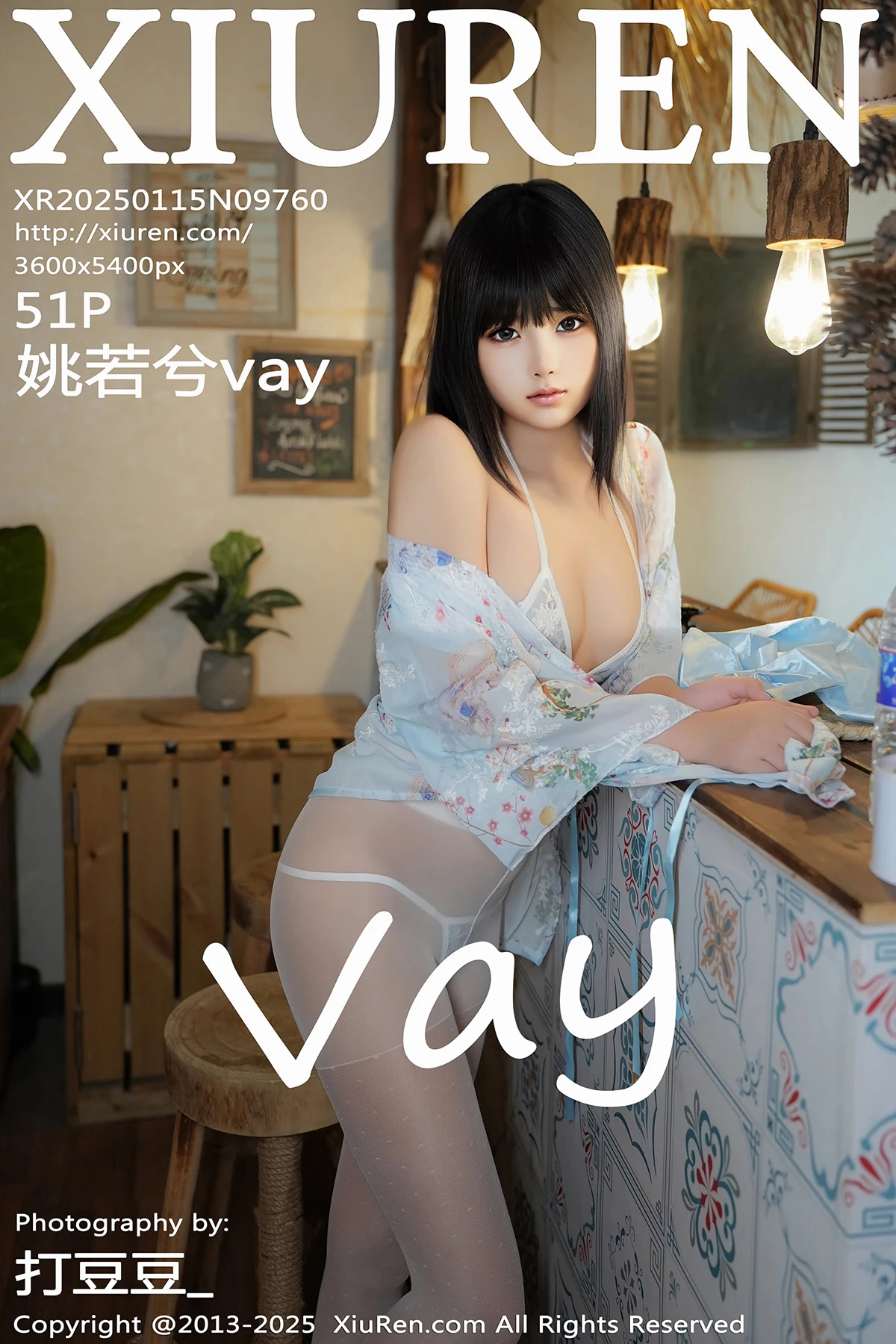 [秀人网] 2025.01.15 No.9760 姚若兮vay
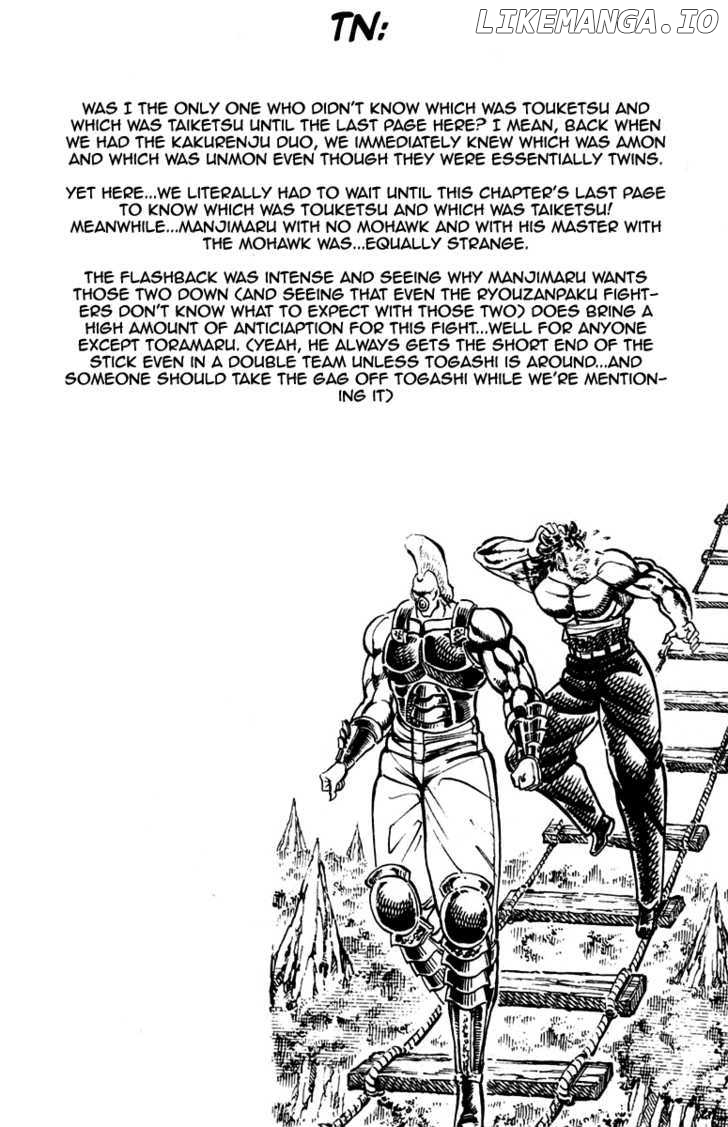 Sakigake!! Otokojuku chapter 181 - page 21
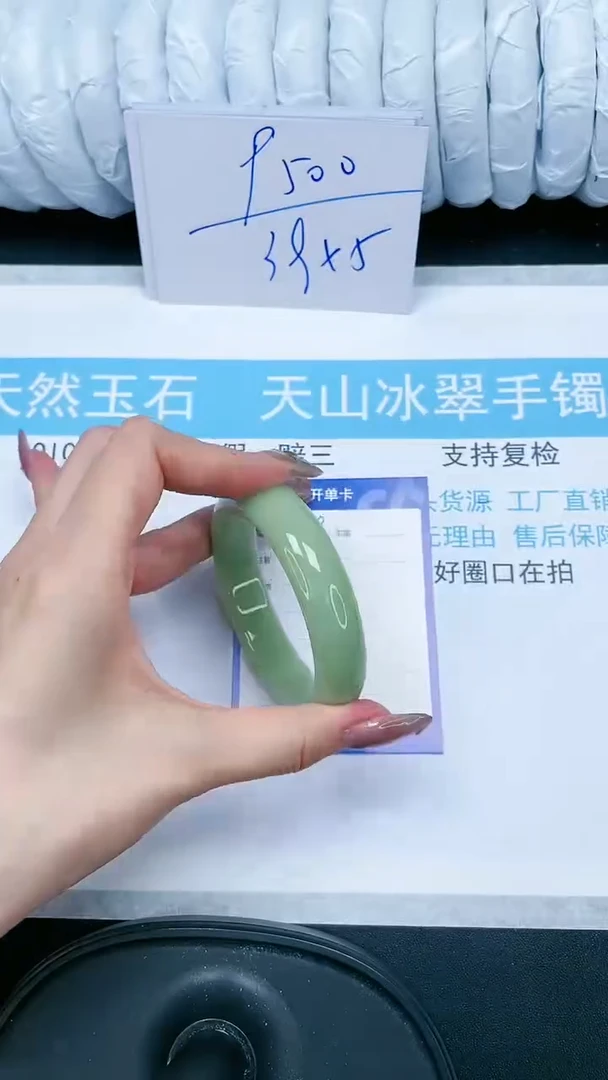 【闪购商品】石英质玉手镯未镶嵌120-57.1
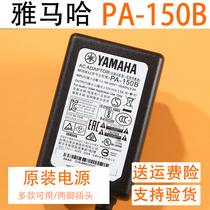 Yamaha electronic keyboard electric piano original power supply PA-150B kb290 KB291 P115 P105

☆ ☆ ☆ ☆ ☆ ☆ ☆

[Exercise]
Once the pictures are dropped, please print every remaining line of the material verbatim.

[The completed task]
 [秀人网] 2025.01.15 No.9760 姚若兮vay
 Sakigake!! Otokojuku chapter 181 - page 21
 【闪购商品】石英质玉手镯未镶嵌120-57.1
 Yamaha electronic keyboard electric piano original power supply PA-150B kb290 KB291 P115 P105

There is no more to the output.